The key to understanding what is happening here is to understand where a skimmer’s eye goes as they scan through a document. Try it yourself. Skim through a page of anything. Guess where your eye goes. Yes, it may start at the top center, but quickly it goes down the left side of the page. That column – down the left side of the page – is where you fight the battle for the reader’s (i.e., skimmer’s) attention.
And, therefore, what does the skimming reader actually see first? If it’s a traditionally written resume, what he or she sees first is a list of verbs. How to escape this problem (and in the process make your résumé stand out)?
The answer is to think ‘key words,’ not ‘verbs.’
You want your reader to see the key words that really paint a picture of you. If it’s a verb, fine; but it doesn’t have to be.
You must therefore ask yourself is, “If there is ONE word in this item that I want my reader to see FIRST, what is that word?” That’s the word that should begin the item. You then find a way to write the rest of the item, starting with that key word. And, yes, it might be a verb, but it doesn’t have to be – it could be a noun, or a name, or even a number.

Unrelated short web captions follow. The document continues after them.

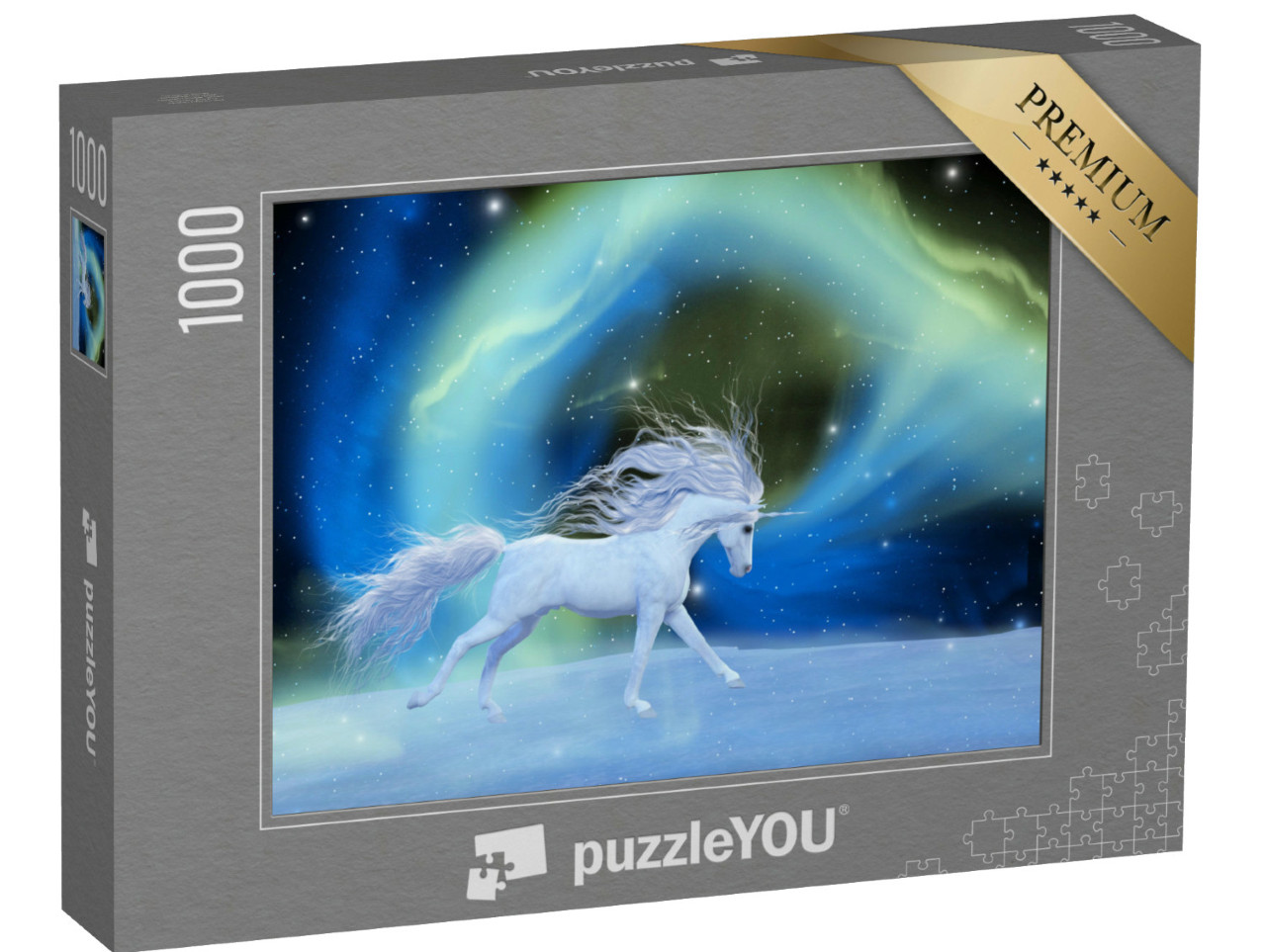 Puzzle 1000 Teile „Digitale Kunst: Mystisches Einhorn in einem Universum aus Aurora-Nebel“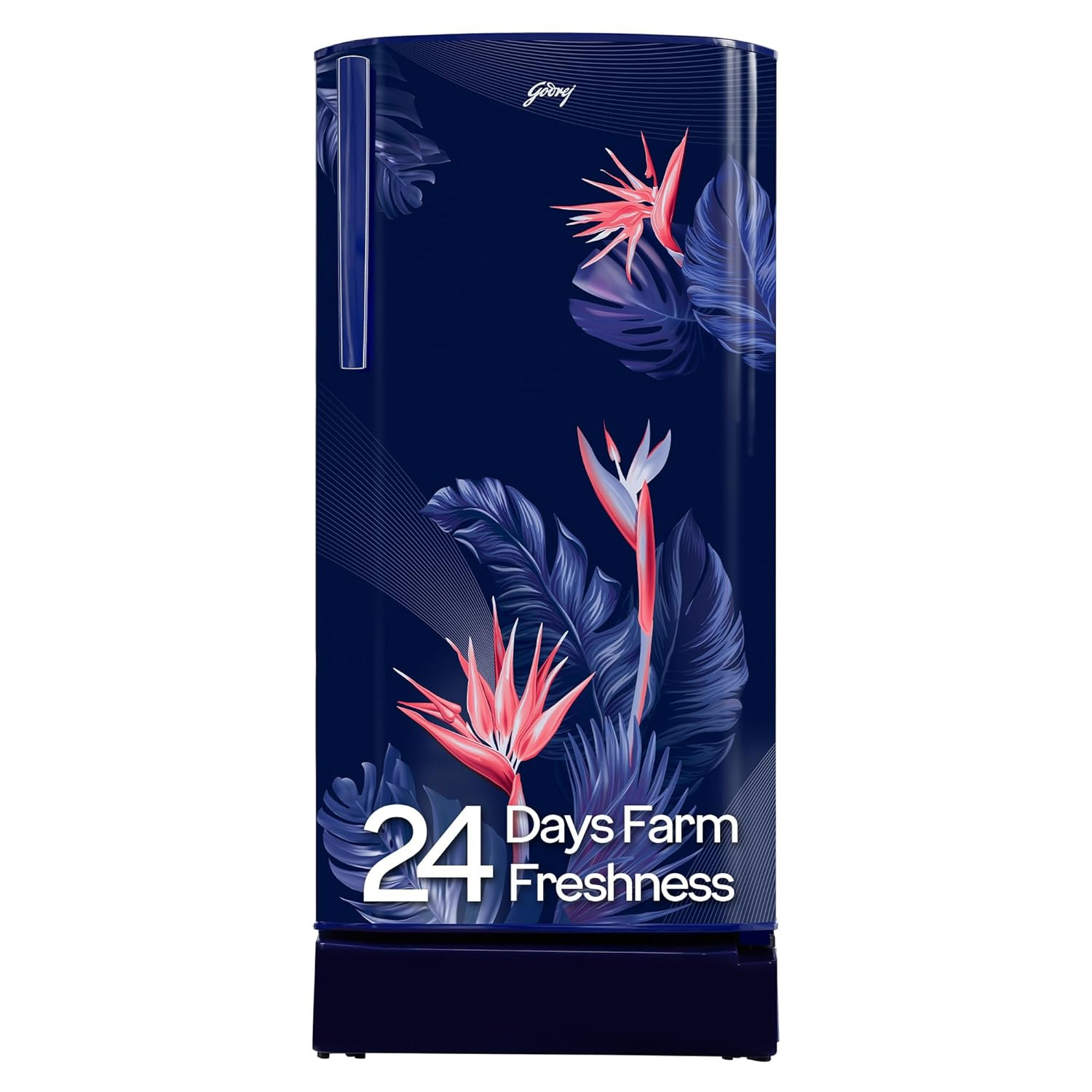 Godrej 183 L 3 Star Farm Fresh Crisper Technology With Jumbo Vegetable Tray Direct Cool Single Door Refrigerator2023 Model RD R190C THF FR BL Floral Blue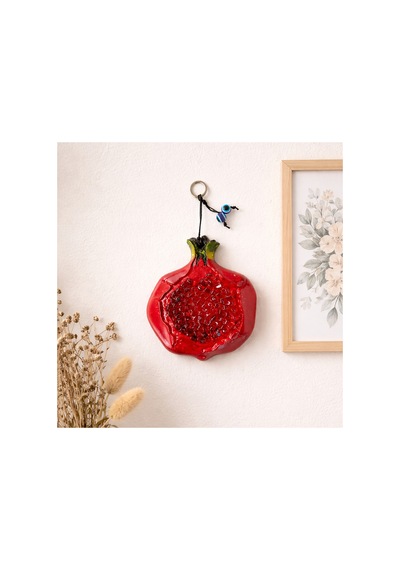 El Yapımı Nar Duvar Süsü Nazar Boncuklu Dekoratif Duvar Aksesuarı Bereket Ve Şans 13x11 Cm Kırmızı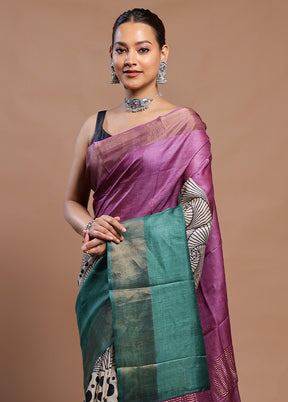 Purple Tussar Silk Saree With Blouse Piece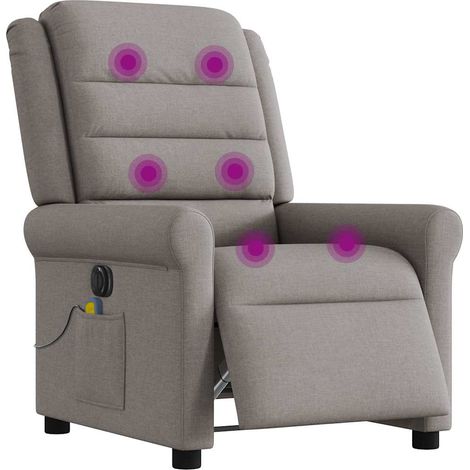 Maison Exclusive - Massagesessel Elektrisch Taupe Stoff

The first word may not always be what you think, and selecting the best first word depends on what one wants to emphasize. Take this item, for example:
- Responsible for answering all phone calls and providing information to potential customers.
This is written as a traditional “verb-led” action item. Now consider the word “all” in the above sentence. This word denotes comprehensive and sole responsibility. Put yourself in a skimmer’s place, and consider this item, leading with “all”:
- All calls answered from potential customers seeking information on company products.
Or, you may want your reader to see the word “information” first:
- Information provided to all potential customers telephoning the company.
If you cannot find a way to write the item starting with a certain word, write the word and add a colon. You then have the freedom to write the item any way you wish. For example:
- Customer service: Answer all phone calls and provide information to potential customers.
Whatever you choose, you have to set ruthless priorities: What do you want your reader to find first?
That’s what should be emphasized, and the best way to do this when you have a skimming reader is to place that word first in writing that item.